「画竜点睛を欠く」の言葉どおり、男の装いは最後のツメが甘いと形無し。では、鍵を握る“ツメ”とは何か? それは「テクとメンテ」だと断言したい。着こなしにニュアンスを宿す仕上げのテク、身だしなみを整えるメンテ。本特集で紹介するのは、ほとんどが2分もかからず実践できるものばかりだが、どの簡単ワザでも、あなたのお洒落は確実にレベルアップするはずだ。

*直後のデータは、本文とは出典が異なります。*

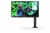 LG UltraGear 27GN88A-B Monitör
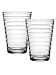 Produktbild Iittala 003007SET Aino Aalto Becher 33 cl, 2-er Set, klar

前回掲載「チーフやラペルピンをアレンジ 2分で見違える胸元」もお読みください。
1. コバ磨きのひと手間で靴が新品のような見栄えに
「車でいうホイール」と言われているように、コバ(靴先のふちの部分)は靴全体の印象を左右する重要部分。意外とダメージが目立ちがちなので、しっかり補修しておきたい。
ブリフトアッシュ 長谷川裕也さん
2004年に靴磨き職人としてデビュー後、業界屈指の実力で靴好きから熱烈な支持を得るシューシャインのご意見番。
〈こちらを使用〉ブートブラック エッヂカラーコバ補修補色 コバインク70ml
革底靴のコバやヒールの傷、色ハゲをカバーする補色剤。インク状の液を塗った後に磨き上げれば、補色しながら美しい光沢もまとわせられる。800円(コロンブス商品相談室)
1. 280番手の紙やすりでコバを滑らかに削る
目の細かい紙やすりを使ってコバのザラつきを取る。「ザラッという音がなくなるまで擦リましょう」
2. アッパーにつかないようコバインキを塗る
紙やすりで平らにしたコバにインキを塗布。「染みになってしまうのでアッパーにつかないよう注意が必要」
3. アッパーごとブラシをかける
アッパーとコバの境目を一緒にブラッシング。「インクがコバにしっかり浸透してより黒が映えるんです」
2. 栄養クリームで磨けば剥げた鏡面磨きが蘇る
磨耗して光沢が鈍くなってきた鏡面磨き。実はいちからポリッシュしなくても、保革クリームを使うことで、もう一度輝きを蘇らせることが可能だ。
ワールド フットウェア ギャラリー バイヤー 日高竜介さん
国内外の良質な靴を揃える人気店のキーマン。日々試行錯誤しながら自己流のケア術を革新し続けるメンテ好き。
クリームの界面活性剤が靴のワックスを整える
「一般的な保革クリームには界面活性剤や有機溶剤などが含まれているので、磨けば剥げた鏡面コーティングを一度溶かして再構築できるんです」。鏡面膜は薄くなっていくので回数には限界があるそう。
〈鏡面磨きの上級テク〉側面下部の鏡面磨きを加えればドレッシーさが倍増します
長谷川さんが提唱したサイドの鏡面磨き。「トウとヒールを繋ぐように側面下部を鏡面磨きすると全体に光が回って見えるんです」(長谷川さん)割れの原因にもなるので側面の鏡面磨きは下部のみに留めよう。